Is it true that $$\langle Au,Av\rangle = \langle u,A^{*}Av \rangle$$
for some inner product space $V,$ vectors $u,v$ and a square matrix $A$?
For the standard inner product, this is trivially true if $A$ is Hermitian, but what about other cases?
What if the inner product is not standard?
What if $A$ is not Hermitian?
When does the above hold true?
$A*$ refers to the conjugate transpose of $A.$
As mentioned in the comments, on a finite dimensional space $V$ you have essentially the euclidean inner product. This means that any inner product on $V$ can be written as
$$ \langle u, v \rangle_M = u^\ast M v $$
for a hermitian positive definite matrix $M$ (see e.g. here). But $(V, \langle \cdot, \cdot \rangle_M)$ is isometrically isomorphic to $(V, \langle \cdot, \cdot \rangle_E)$, where $\langle \cdot, \cdot \rangle_E$ denotes the euclidean inner product.
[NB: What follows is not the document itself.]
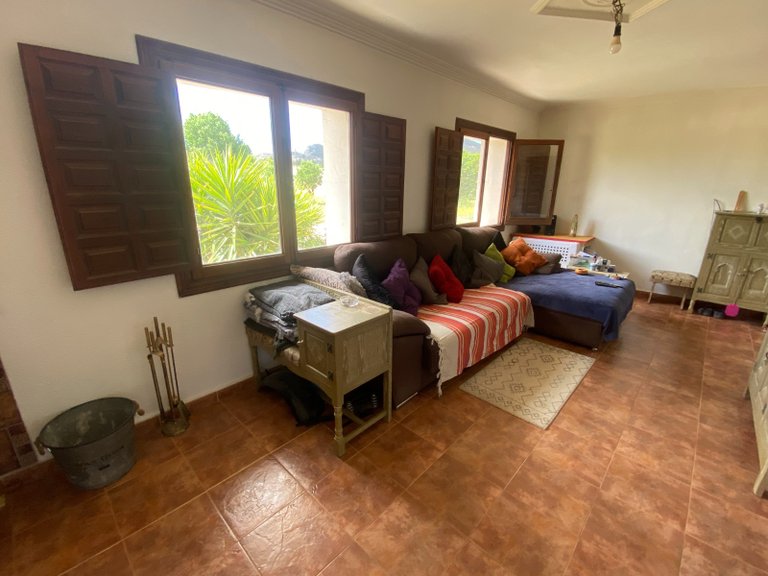 Country House for Sale in Sax, Alicante 28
To see this note that $M$ can be written as a square of a hermitian matrix $M = N \cdot N.$ Then $$ (V, \langle \cdot, \cdot \rangle_M) \to (V, \langle \cdot, \cdot \rangle_E); \quad x \mapsto Nx $$ gives an isometric isomporphism, as $$ \langle u, v\rangle_M = u^\ast M v = u^\ast NN v = \langle Nu, Nv \rangle_E. $$
Now we show the desired property for the euclidean inner product, which is
$$ \langle u, v \rangle = u^\ast v $$ for arbitrary $u, v \in V.$
Thus \begin{align*} \langle Au, Av \rangle = (Au)^\ast Av = u^\ast A^\ast Av = \langle u, A^\ast Av \rangle. \end{align*}